Un corso di programmazione della durata di 4 anni, che permette ai ragazzi che la frequentano di trovare lavoro senza dover lasciare il loro paese (e di percepire un salario durante il corso)
Creare una nuova classe di programmatori, tutti africani. È questo l’obiettivo di Andela, una scuola di coding che ha sede in Kenia e Nigeria e che promette ai suoi studenti di trovar loro un lavoro nelle grandi company digitali: Microsoft, Google e Ibm. E c’è da fidarsi, visto che i ragazzi vengono pagati già durante il corso e che tra i finanziatori del progetto ci sono queste stesse società, compresa Facebook che con la sua Chan Zuckerberg Initiative ci ha messo 24 milioni di dollari, soldi che serviranno probabilmente ad aprire una terza sede della scuola entro l’anno (per ora la scuola è aperta a Nairobi e Lagos).
Alla ricerca di sviluppatori
Il concetto da cui parte Andela è piuttosto semplice. Come ha spiegato il Ceo della società, Jeremy Johnson, negli Stati Uniti mancano gli sviluppatori e questo ha portato al fiorire di diversi “bootcamp” che per pochi mesi di lezione chiedono migliaia di euro agli aspiranti programmatori. La domanda di coder è aumentata a dismisura e se ne cercano sempre di più anche in Asia ed Europa. Dall’altra parte, in Africa, ci sono tantissimi ragazzi che non hanno un lavoro e nemmeno alcuna possibilità di diventare programmatori. Proprio su questo, entra in gioco Andela, la società non profit ha infatti creato un programma formativo di 4 anni che ha l’obiettivo di costruire una classe di sviluppatori africani.

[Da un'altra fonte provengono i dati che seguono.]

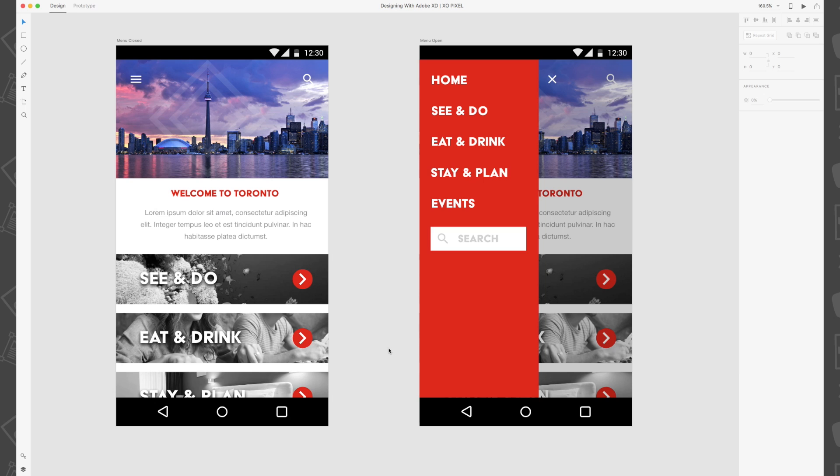To demonstrate the amazing prototyping feature in Adobe XD, I'll show you how we'll turn these two static mobile versions of the destination website into an interactive prototype where you can open and close its menu.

Chi studia, viene retribuito
Durante i primi sei mesi, gli studenti seguono un corso accelerato sulle competenze di programmazione, mentre nei restanti tre anni e mezzo sono impegnati in un tirocinio a distanza e a tempo pieno con le aziende tecnologiche americane. Si tratta delle stesse società che finanziano Andela, che a sua volta paga i suoi studenti con un vero e proprio salario, superiore alla media locale (per uno sviluppatore) per tutta la durata del programma.
Il contatto con i team americani
Un altro effetto positivo dell’iniziativa è quello di permettere a questi ragazzi di trovare un lavoro senza doversi spostare dal loro paese (non è una novità che gli sviluppatori lavorino da casa, il 41% di quelli americani lo fa già tranquillamente). Anche se fra le prime difficoltà c’è proprio quella di entrare in comunicazione con i team americani che sono negli States, gli studenti hanno ammesso che basta entrare nel flusso e il problema dopo poco è risolto. Grazie a questo sistema , “le aziende hanno la possibilità di entrare in contatto con ottimi sviluppatori, mentre ai ragazzi africani viene offerta l’opportunità di utilizzare le proprie competenze e sostenere le loro comunità”, ha detto Zuckerberg in una nota.